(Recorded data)

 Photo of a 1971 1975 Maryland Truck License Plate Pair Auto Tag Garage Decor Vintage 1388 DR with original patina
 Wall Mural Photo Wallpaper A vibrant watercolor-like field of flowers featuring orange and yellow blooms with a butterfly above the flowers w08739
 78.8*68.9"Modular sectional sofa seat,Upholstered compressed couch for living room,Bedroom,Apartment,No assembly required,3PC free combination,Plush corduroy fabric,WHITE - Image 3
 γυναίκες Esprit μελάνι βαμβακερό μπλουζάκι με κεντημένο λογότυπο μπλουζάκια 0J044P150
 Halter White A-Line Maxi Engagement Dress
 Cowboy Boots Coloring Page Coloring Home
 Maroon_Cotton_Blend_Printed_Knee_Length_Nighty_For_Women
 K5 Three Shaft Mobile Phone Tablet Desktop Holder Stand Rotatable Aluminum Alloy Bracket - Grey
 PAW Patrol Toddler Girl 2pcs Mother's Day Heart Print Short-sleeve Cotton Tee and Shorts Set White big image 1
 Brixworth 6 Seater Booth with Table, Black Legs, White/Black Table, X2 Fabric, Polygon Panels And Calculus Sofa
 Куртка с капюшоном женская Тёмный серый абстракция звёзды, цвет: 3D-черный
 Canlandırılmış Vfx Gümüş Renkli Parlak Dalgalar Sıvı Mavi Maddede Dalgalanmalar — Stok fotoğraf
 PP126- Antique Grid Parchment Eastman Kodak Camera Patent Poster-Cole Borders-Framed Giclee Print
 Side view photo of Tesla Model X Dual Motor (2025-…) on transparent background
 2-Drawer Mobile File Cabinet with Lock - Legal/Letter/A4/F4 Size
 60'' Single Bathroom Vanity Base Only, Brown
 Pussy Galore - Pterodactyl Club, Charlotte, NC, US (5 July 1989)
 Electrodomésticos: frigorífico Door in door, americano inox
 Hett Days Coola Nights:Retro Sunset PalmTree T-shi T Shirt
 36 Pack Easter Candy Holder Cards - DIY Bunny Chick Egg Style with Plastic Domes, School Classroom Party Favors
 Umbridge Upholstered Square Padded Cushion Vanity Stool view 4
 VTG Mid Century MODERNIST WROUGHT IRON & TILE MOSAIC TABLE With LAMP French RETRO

* Aim of the task
Extract the lines above from the one containing "60'' Single Bathroom Vanity Base Only, Brown" to the last line, both included, exactly as written.

* Exercise response
 60'' Single Bathroom Vanity Base Only, Brown
 Pussy Galore - Pterodactyl Club, Charlotte, NC, US (5 July 1989)
 Electrodomésticos: frigorífico Door in door, americano inox
 Hett Days Coola Nights:Retro Sunset PalmTree T-shi T Shirt
 36 Pack Easter Candy Holder Cards - DIY Bunny Chick Egg Style with Plastic Domes, School Classroom Party Favors
 Umbridge Upholstered Square Padded Cushion Vanity Stool view 4
 VTG Mid Century MODERNIST WROUGHT IRON & TILE MOSAIC TABLE With LAMP French RETRO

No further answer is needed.